Women in Horror Anthologies Revisited: Coda
Having slept on it, I've decided that it might be instructive to revisit yesterday's figures (click on link below), this time excluding the four paranormal romance volumes - Wolfsbane and Mistletoe, Home Improvement: Undead Edition, Those Who Fight Monsters and Damnation and Dames - as these score high when it comes to women writers and could skew the overall figures for horror.
On occasion I have reviewed the work of paranormal romance writers in Black Static (e.g. Charlaine Harris, Laurell K. Hamilton), as I've also reviewed crime fiction, slipstream and just about anything else that might be of interest to our readers, but at the same time I don't regard them as the true grue, and neither it appears do most bookshops who hive paranormal romance off into its own section.
Besides, this way I get another blog post that will be ridiculously easy to write.
Overall then, without the paranormal romance titles, we have thirty two volumes containing 706 stories of which 168 (24%) were written or co-written by women.
And when we exclude the nine volumes that are reissues or include reprints, so that only fresh material is taken into account, we are left with twenty three volumes containing a total of 477 stories, of which 117 are written or co-written by women (25%).
Breaking it down by country, we now have:-
Australia 21 out of 48 44%
Canada 17 out of 52 33%
US 68 out of 276 25%
UK 62 out of 330 19%
Excluding the reprint volumes, the figure for the US goes up to 38 out of 121 (31%), while that for the UK drops to 41 out of 256 (16%).

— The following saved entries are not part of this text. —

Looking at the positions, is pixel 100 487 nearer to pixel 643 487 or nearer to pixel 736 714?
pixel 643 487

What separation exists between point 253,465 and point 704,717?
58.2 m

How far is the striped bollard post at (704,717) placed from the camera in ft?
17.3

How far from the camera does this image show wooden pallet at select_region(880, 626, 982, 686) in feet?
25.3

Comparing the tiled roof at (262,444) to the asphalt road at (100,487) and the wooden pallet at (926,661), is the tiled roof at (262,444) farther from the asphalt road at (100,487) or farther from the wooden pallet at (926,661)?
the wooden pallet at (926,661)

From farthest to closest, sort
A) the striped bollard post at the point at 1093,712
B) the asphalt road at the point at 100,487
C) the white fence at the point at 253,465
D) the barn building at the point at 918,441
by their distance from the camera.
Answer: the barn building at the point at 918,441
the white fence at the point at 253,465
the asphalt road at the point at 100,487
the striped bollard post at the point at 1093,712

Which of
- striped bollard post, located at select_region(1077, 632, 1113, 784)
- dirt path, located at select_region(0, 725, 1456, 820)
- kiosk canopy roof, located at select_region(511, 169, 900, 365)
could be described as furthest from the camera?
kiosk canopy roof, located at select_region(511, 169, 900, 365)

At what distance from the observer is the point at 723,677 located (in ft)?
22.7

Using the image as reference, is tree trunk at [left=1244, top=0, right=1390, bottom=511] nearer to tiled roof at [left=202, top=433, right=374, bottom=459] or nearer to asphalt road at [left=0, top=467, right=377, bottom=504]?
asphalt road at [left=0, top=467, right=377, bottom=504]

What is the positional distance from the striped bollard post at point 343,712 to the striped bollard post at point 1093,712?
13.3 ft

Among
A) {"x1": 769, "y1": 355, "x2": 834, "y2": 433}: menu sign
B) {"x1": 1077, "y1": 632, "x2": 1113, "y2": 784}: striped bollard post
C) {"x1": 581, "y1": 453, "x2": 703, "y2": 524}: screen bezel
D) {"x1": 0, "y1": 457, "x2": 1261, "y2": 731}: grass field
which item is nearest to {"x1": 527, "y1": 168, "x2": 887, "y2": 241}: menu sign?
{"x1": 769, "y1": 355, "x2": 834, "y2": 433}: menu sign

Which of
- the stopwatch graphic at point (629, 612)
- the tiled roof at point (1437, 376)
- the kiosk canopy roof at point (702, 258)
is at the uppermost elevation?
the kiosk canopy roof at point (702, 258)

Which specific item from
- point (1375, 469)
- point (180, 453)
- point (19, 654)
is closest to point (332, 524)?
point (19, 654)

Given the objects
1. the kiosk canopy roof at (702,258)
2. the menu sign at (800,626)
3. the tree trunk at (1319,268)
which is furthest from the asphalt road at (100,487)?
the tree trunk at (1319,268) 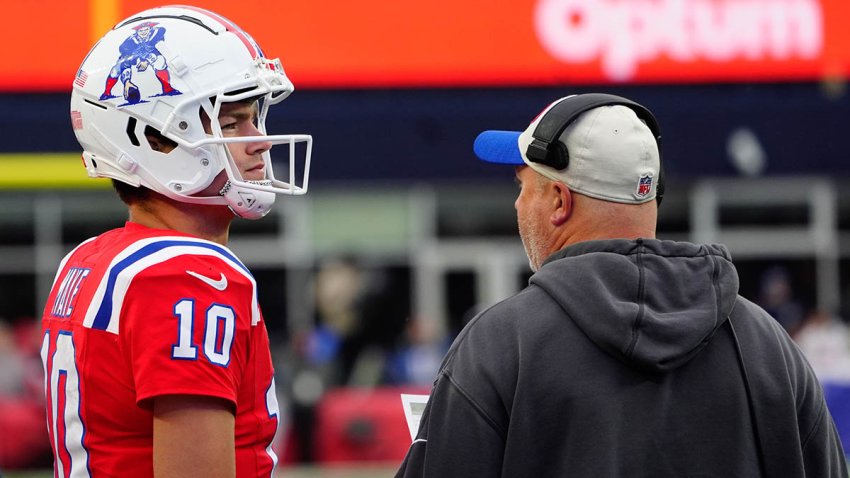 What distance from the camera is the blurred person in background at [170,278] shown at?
2189 mm

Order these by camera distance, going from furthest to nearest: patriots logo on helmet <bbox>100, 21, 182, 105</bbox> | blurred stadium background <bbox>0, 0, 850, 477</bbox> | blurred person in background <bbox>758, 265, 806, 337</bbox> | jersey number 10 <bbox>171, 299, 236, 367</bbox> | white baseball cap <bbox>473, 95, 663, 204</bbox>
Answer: blurred person in background <bbox>758, 265, 806, 337</bbox>, blurred stadium background <bbox>0, 0, 850, 477</bbox>, patriots logo on helmet <bbox>100, 21, 182, 105</bbox>, white baseball cap <bbox>473, 95, 663, 204</bbox>, jersey number 10 <bbox>171, 299, 236, 367</bbox>

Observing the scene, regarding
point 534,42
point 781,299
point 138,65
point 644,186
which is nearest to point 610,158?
point 644,186

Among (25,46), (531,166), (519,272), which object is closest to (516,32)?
(519,272)

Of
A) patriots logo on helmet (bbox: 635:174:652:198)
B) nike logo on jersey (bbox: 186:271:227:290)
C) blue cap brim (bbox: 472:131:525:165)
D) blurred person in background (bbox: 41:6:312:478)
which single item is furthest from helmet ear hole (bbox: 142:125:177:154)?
patriots logo on helmet (bbox: 635:174:652:198)

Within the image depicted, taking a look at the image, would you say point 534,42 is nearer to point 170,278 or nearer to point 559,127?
point 559,127

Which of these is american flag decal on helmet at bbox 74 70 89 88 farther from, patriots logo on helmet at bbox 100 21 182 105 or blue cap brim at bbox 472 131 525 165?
blue cap brim at bbox 472 131 525 165

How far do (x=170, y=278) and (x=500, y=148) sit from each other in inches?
30.5

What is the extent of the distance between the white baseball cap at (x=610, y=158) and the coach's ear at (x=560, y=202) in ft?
0.05

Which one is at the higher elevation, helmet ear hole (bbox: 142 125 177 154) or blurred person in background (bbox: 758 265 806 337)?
helmet ear hole (bbox: 142 125 177 154)

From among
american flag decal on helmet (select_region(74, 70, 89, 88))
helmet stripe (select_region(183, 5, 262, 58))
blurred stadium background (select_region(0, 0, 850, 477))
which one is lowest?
blurred stadium background (select_region(0, 0, 850, 477))

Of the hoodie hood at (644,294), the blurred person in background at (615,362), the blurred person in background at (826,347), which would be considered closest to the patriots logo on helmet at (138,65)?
the blurred person in background at (615,362)

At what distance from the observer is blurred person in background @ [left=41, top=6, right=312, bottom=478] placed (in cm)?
219

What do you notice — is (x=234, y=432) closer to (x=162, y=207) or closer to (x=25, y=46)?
(x=162, y=207)

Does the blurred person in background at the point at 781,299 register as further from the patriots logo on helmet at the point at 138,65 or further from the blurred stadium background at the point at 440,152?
the patriots logo on helmet at the point at 138,65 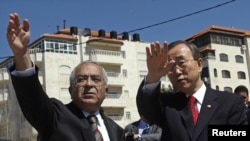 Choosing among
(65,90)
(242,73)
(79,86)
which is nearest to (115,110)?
(65,90)

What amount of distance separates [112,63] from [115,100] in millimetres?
3876

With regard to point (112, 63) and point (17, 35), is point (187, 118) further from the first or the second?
point (112, 63)

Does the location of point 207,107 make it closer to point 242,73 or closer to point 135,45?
point 135,45

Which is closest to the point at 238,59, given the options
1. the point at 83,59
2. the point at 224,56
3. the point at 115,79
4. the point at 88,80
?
the point at 224,56

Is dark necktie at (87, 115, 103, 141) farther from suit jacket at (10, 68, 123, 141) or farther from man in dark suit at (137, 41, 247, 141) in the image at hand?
man in dark suit at (137, 41, 247, 141)

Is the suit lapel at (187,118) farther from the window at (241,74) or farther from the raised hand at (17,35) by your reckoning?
the window at (241,74)

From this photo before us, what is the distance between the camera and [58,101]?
12.2 ft

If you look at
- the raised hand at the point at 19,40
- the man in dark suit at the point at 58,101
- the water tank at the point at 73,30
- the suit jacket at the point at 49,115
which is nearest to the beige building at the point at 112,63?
the water tank at the point at 73,30

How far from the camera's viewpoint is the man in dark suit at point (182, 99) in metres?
3.29

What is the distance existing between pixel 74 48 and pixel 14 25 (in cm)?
4250

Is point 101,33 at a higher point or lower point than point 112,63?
higher

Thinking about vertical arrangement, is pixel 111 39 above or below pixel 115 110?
above

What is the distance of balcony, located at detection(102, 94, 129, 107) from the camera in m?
44.1

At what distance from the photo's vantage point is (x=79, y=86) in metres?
3.97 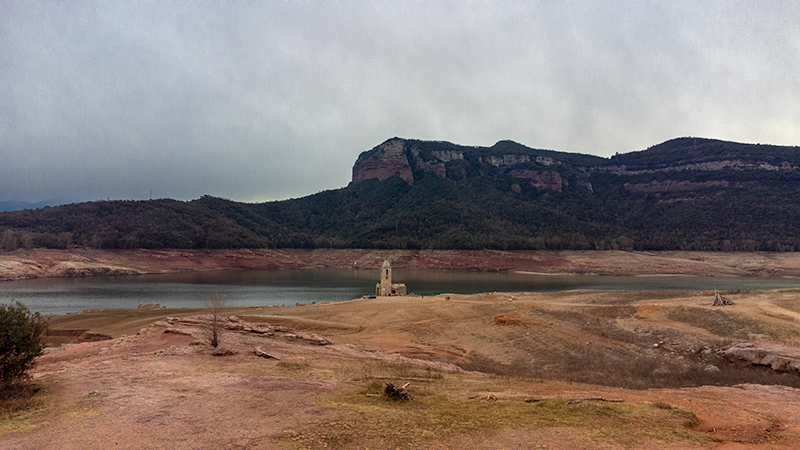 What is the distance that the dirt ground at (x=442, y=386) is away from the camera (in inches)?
280

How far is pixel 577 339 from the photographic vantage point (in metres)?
19.3

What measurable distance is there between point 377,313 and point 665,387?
18039 mm

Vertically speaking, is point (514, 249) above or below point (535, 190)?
below

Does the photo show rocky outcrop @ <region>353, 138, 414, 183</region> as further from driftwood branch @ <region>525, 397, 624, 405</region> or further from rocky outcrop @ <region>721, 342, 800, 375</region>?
driftwood branch @ <region>525, 397, 624, 405</region>

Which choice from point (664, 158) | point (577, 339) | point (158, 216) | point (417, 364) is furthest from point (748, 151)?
point (158, 216)

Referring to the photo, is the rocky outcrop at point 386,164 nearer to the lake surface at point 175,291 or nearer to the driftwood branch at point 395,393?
the lake surface at point 175,291

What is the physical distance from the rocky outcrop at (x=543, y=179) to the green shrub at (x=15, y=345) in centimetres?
16219

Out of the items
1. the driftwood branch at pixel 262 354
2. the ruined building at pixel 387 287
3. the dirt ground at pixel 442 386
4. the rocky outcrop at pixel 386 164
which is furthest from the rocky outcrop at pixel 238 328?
the rocky outcrop at pixel 386 164

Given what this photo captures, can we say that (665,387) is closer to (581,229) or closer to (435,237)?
(435,237)

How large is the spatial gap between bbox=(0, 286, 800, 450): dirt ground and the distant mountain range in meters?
81.6

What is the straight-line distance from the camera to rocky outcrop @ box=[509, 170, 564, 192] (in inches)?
6235

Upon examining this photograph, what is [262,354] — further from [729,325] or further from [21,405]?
[729,325]

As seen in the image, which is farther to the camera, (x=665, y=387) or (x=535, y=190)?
(x=535, y=190)

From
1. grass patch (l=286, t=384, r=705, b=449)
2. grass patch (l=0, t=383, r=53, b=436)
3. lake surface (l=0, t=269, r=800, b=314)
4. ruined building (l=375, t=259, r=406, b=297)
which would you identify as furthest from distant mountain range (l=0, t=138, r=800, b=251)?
grass patch (l=286, t=384, r=705, b=449)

Finally, breaking it down by gender of the editor:-
Male editor(s) 116 out of 554 (21%)
Female editor(s) 52 out of 152 (34%)
When reprint material is excluded, the figure for female editors rises to 37% (35 out of 95), while that for male editors remains at 21% (82 out of 382).
There are many variables here and, as I observed back in October 2010 when I first did this exercise, the sampling is probably too small to be statistically significant. Also I'm sure publishers, at least the sensible ones, take into account who will be reviewing their work, and my own gender may be a factor in determining what titles I'm sent.
Nonetheless I think it is possible to draw a few tentative conclusions based on this sampling:-
1) Fewer women are being published in horror anthologies than men
2) Women are published more frequently in the paranormal romance genre than horror
3) Anthologies edited by women will on average contain over 50% more fiction by women than those edited by men
4) Far fewer women are being published in horror anthologies in the UK than in the US, Canada and Australia
To say whether any of this is down to gender/cultural bias or simply a reflection of what women are writing and sending out for publication will take a wiser head than mine.